Assistant Professor, Department of Metabolism and Nutritional Programming

Areas of Expertise

Metabolism, microbiome, intergenerational inheritance, C. elegans, host-microbiome interactions, mitochondria

Biography

Dr. Nick Burton investigates how the microbiome can promote health or, when things go wrong, fuel disease. His research explores why some people with genetic risk are protected from disease while others are affected.

He joined Van Andel Institute as an assistant professor in 2021. Prior to establishing his lab, he was a Next Generation Fellow at University of Cambridge’s Centre for Trophoblast Research, where he studied how environmental bacteria affect development, physiology, metabolism and neuronal function in individuals and their offspring.

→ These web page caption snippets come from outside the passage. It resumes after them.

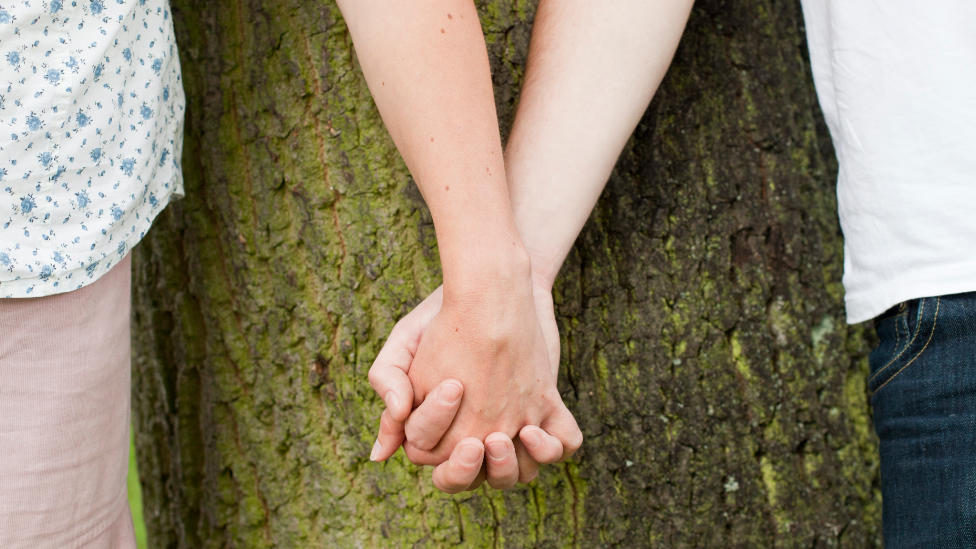 Nahaufnahme: Paar hält Hände vor einem Baum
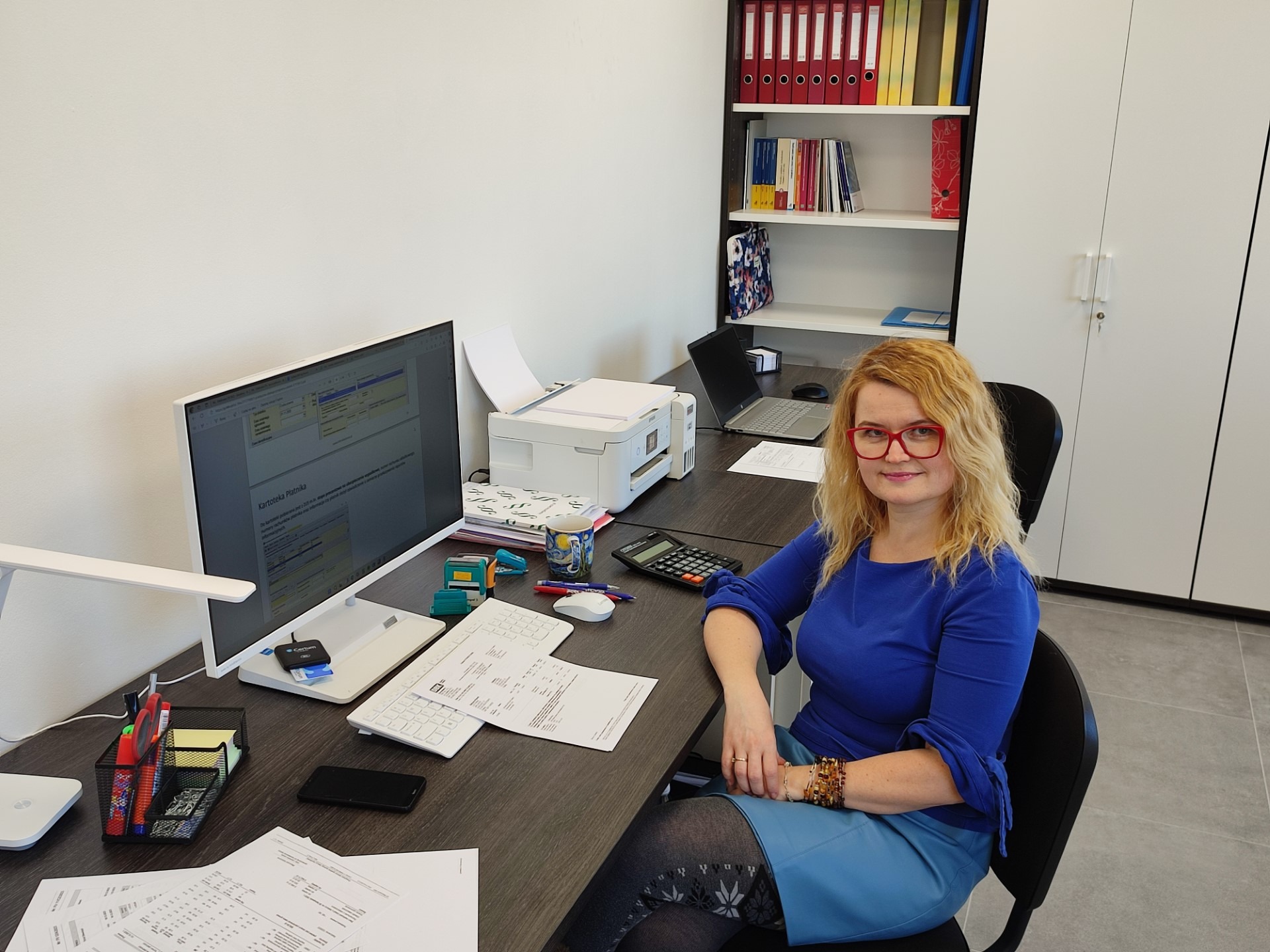 Kobieta w okularach siedzi przy biurku w biurze, na którym znajdują się dokumenty, komputer, drukarka i kalkulator.
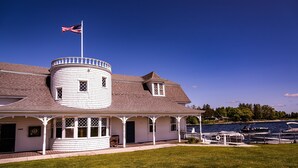 A waterfront house with a turret, a dock, and a flag.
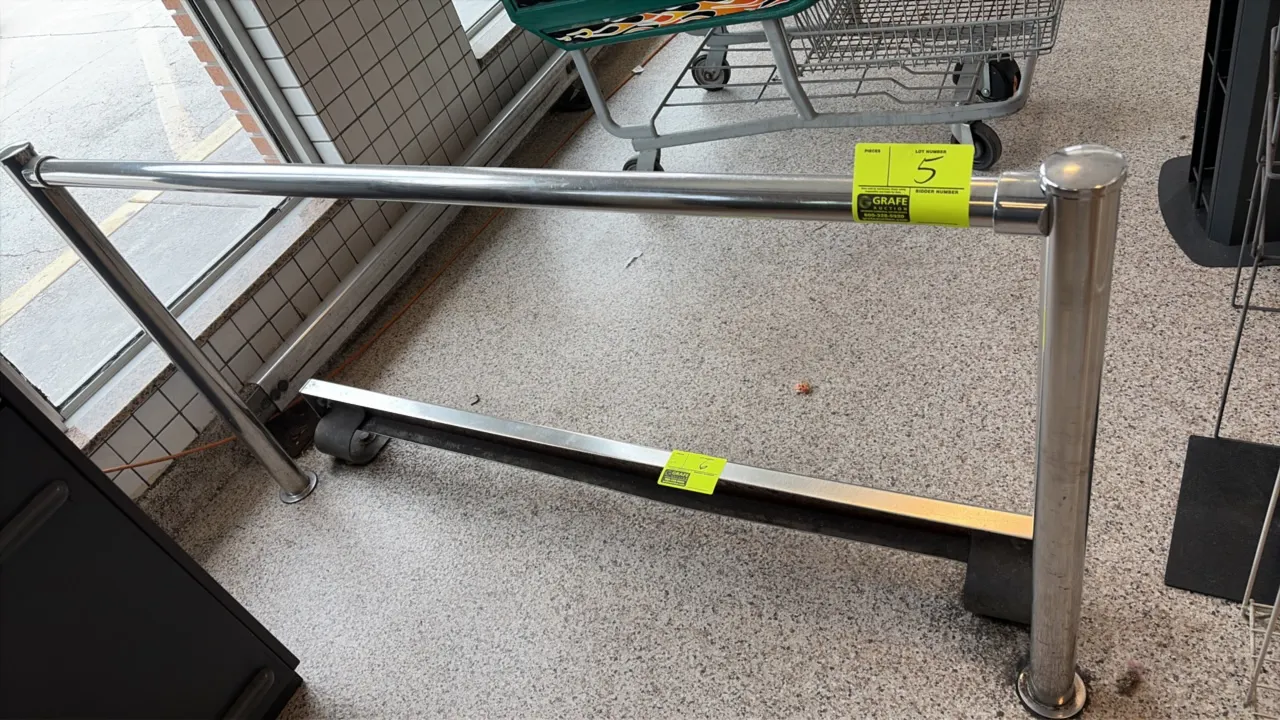 Chrome guide rail. Features tubular metal construction with two vertical stanchion posts. 5'L. Floor-mounted base flanges.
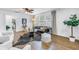 Bright living room featuring modern decor, hardwood floors, and bright natural light from multiple windows at 1753 San Mateo Dr, Dunedin, FL 34698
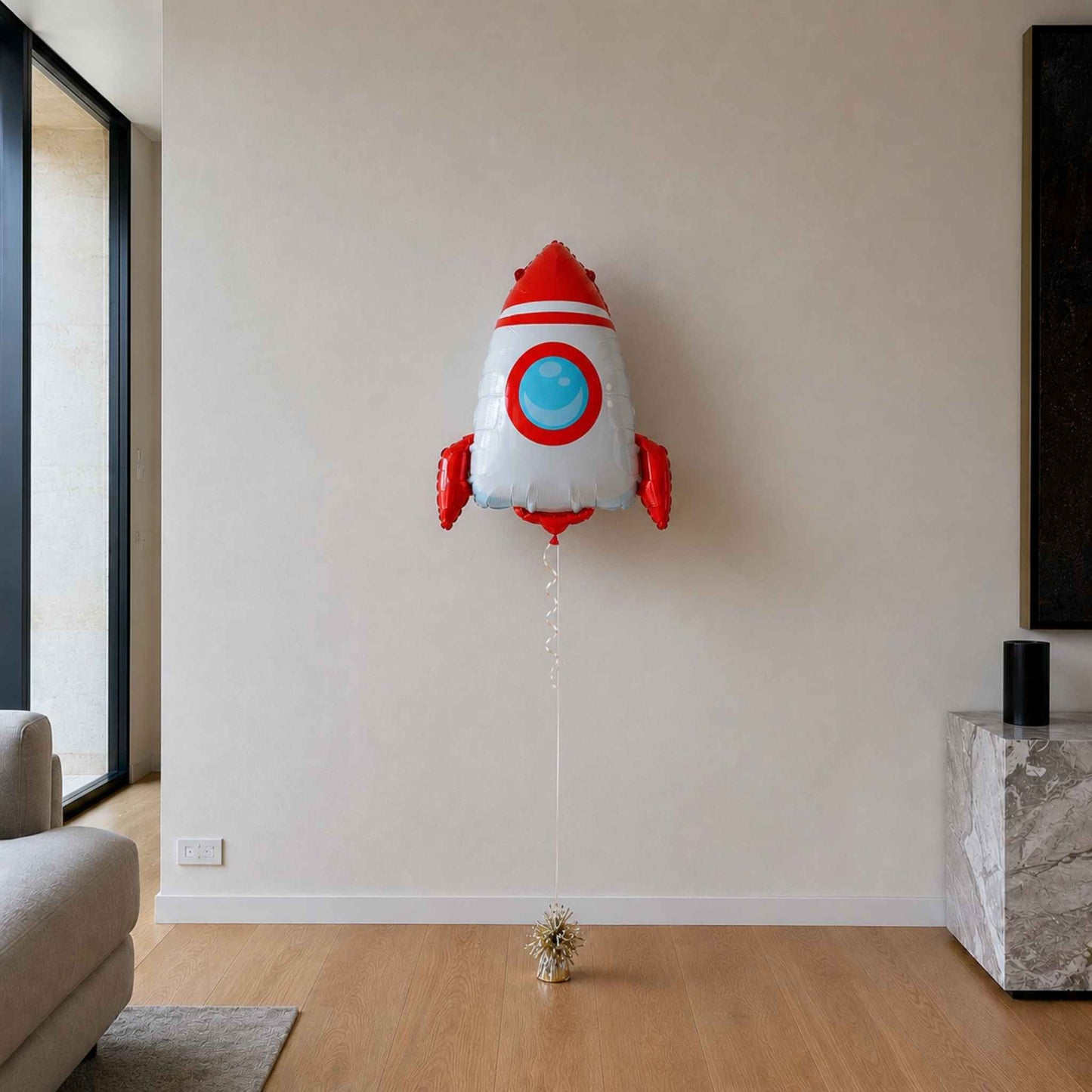 Rocket-shaped balloon in a living room setting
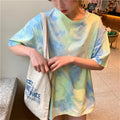 Model wearing a pastel tie-dye t-shirt with a casual fit, holding a tote bag in a cozy indoor setting.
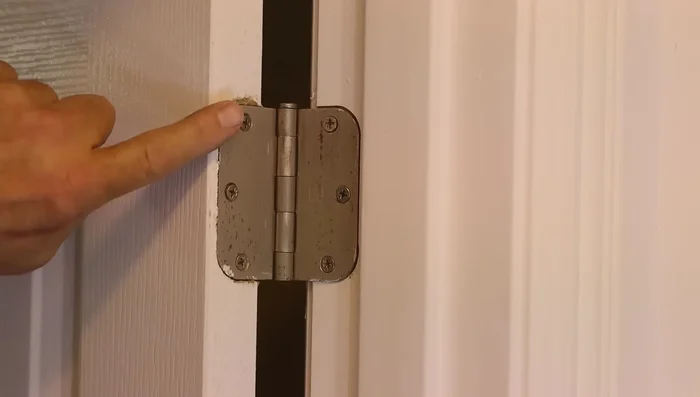 Check all hinges: Ensure all screws on all hinges are tight and flush.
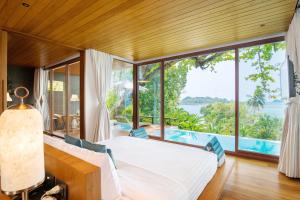 a bedroom with a bed and a large window at SYLVAN Koh Chang in Ko Chang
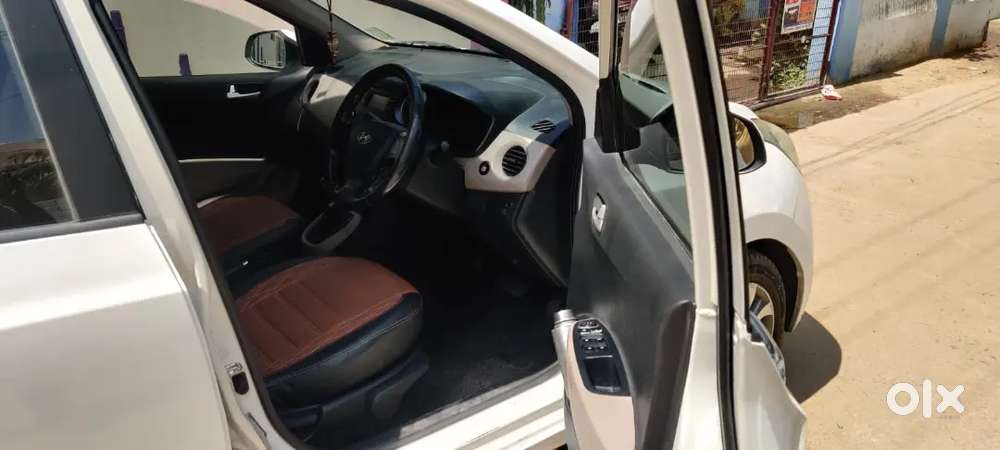 White Hyundai Xcent 2015 Petrol. Automatic Transmission.good Condition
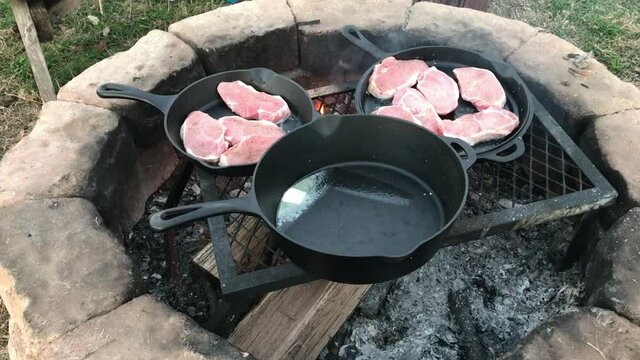 Cooking pork chops in Dutch oven cast iron skillets over an open campfire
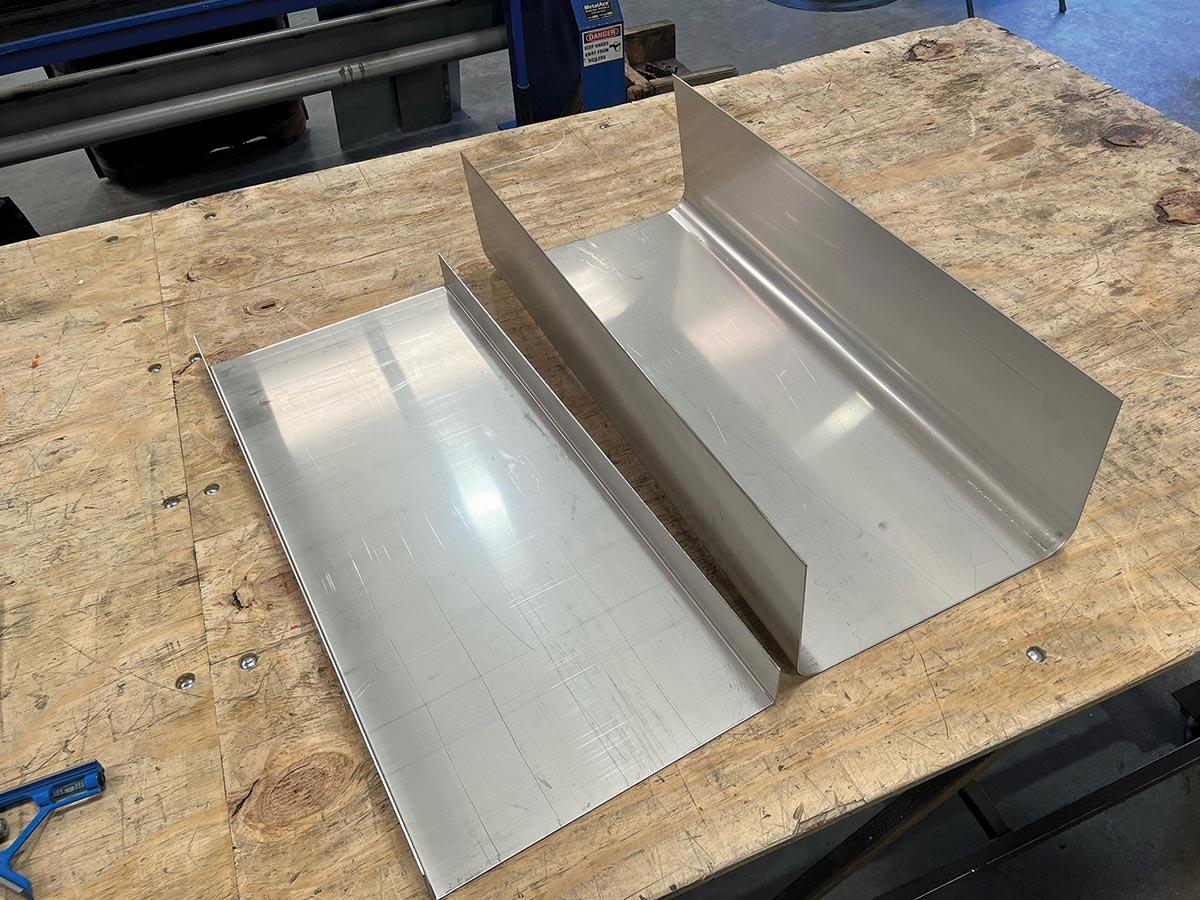 The top and bottom portions of the tank are trimmed and prepped for TIG welding assembly. 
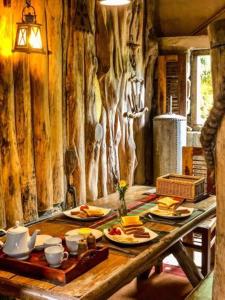 een houten tafel met borden eten erop bij Villa 47 in Nuwara Eliya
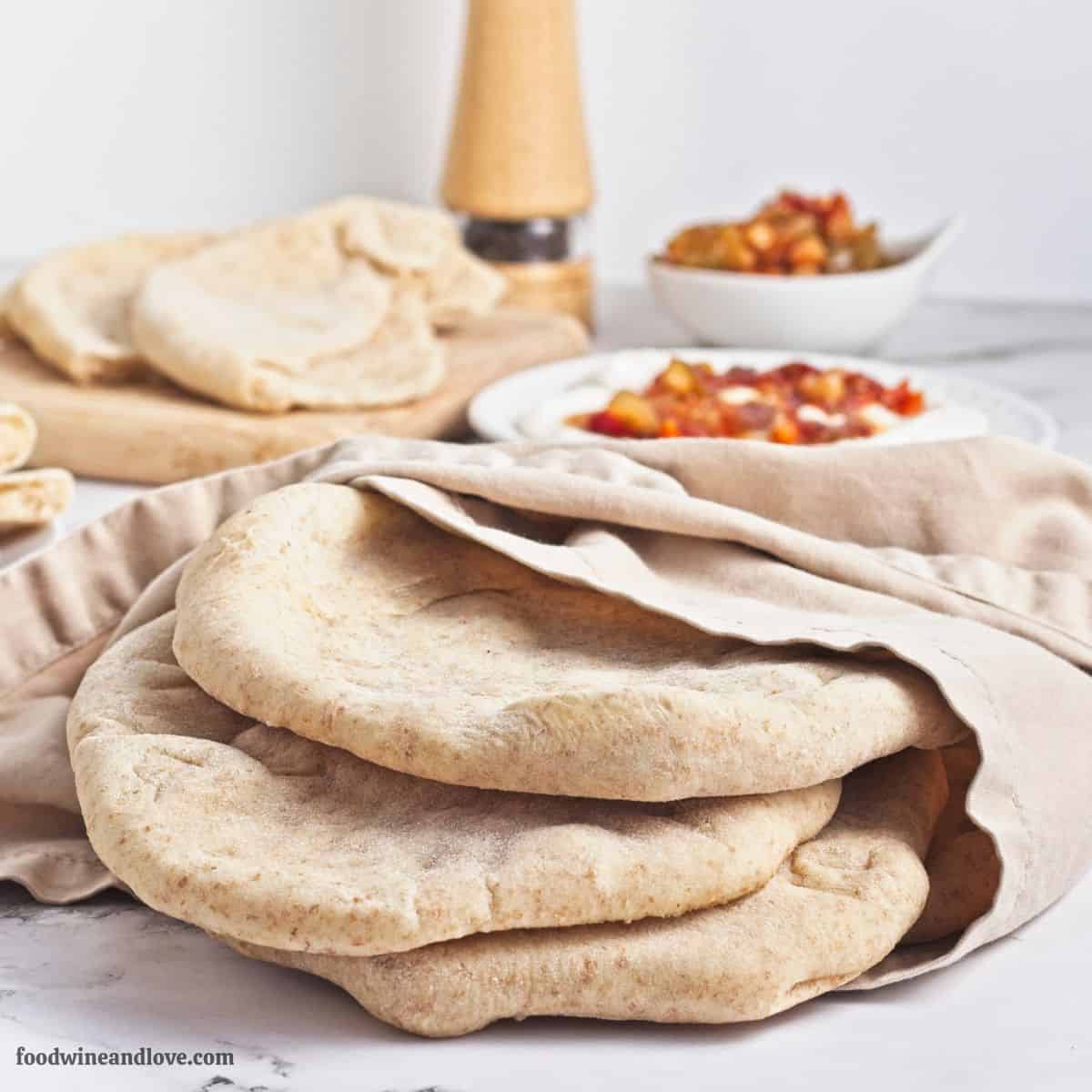 Homemade Whole Wheat Pita Bread, an easy recipe for fluffy and soft pita made with simple pantry ingredients. Vegan Recipe. Homemade Whole Wheat Pita Bread, an easy recipe for fluffy and soft pita made with simple pantry ingredients. Vegan Recipe.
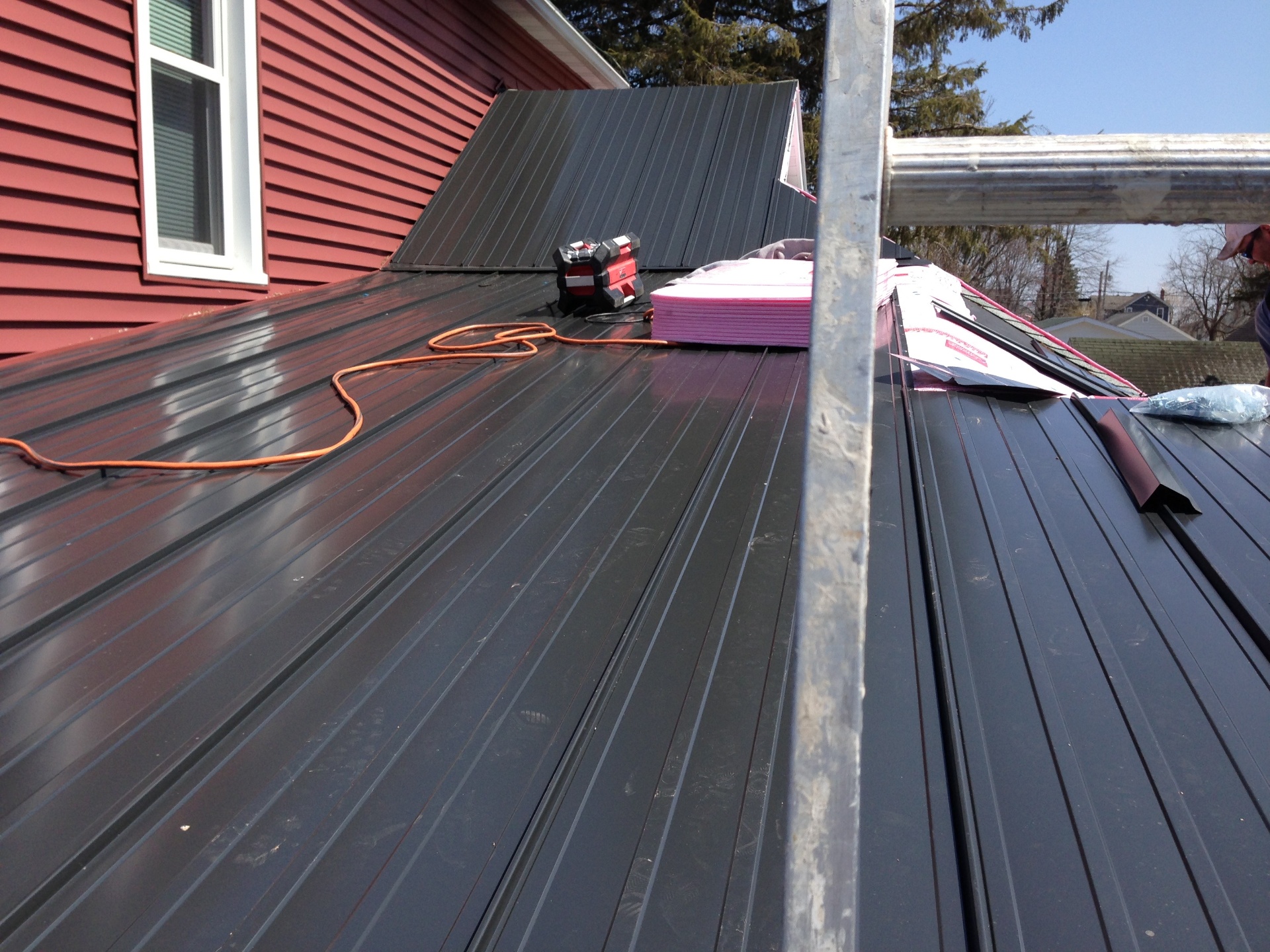 Standing seam metal roof panels installed on a Northwest Illinois home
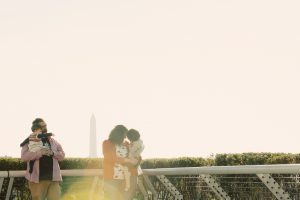 The Dorsey-Lee Family on top of the Kennedy Center with the Washington Monument in the background.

Dr. Burton earned a B.S. in biology from University of Wisconsin-Madison, where he worked in the labs of Dr. Anna Huttenlocher and Dr. Scott Kennedy. He was awarded a graduate research fellowship from the National Science Foundation (NSF) and went on to earn a Ph.D. in biology from Massachusetts Institute of Technology under the mentorship of Dr. H. Robert Horvitz. As part of his dissertation work, Dr. Burton worked to develop new paradigms to study the mechanisms by which parental environment regulates offspring physiology.

Selected Publications

Isaguirre C, Gendjar M, Nauta KM, Burton NO, Sheldon RD. 2025. Polyamine quantitation by LC-MS using isobutyl chloroformate derivativesMethods Enzymol 715:437–458.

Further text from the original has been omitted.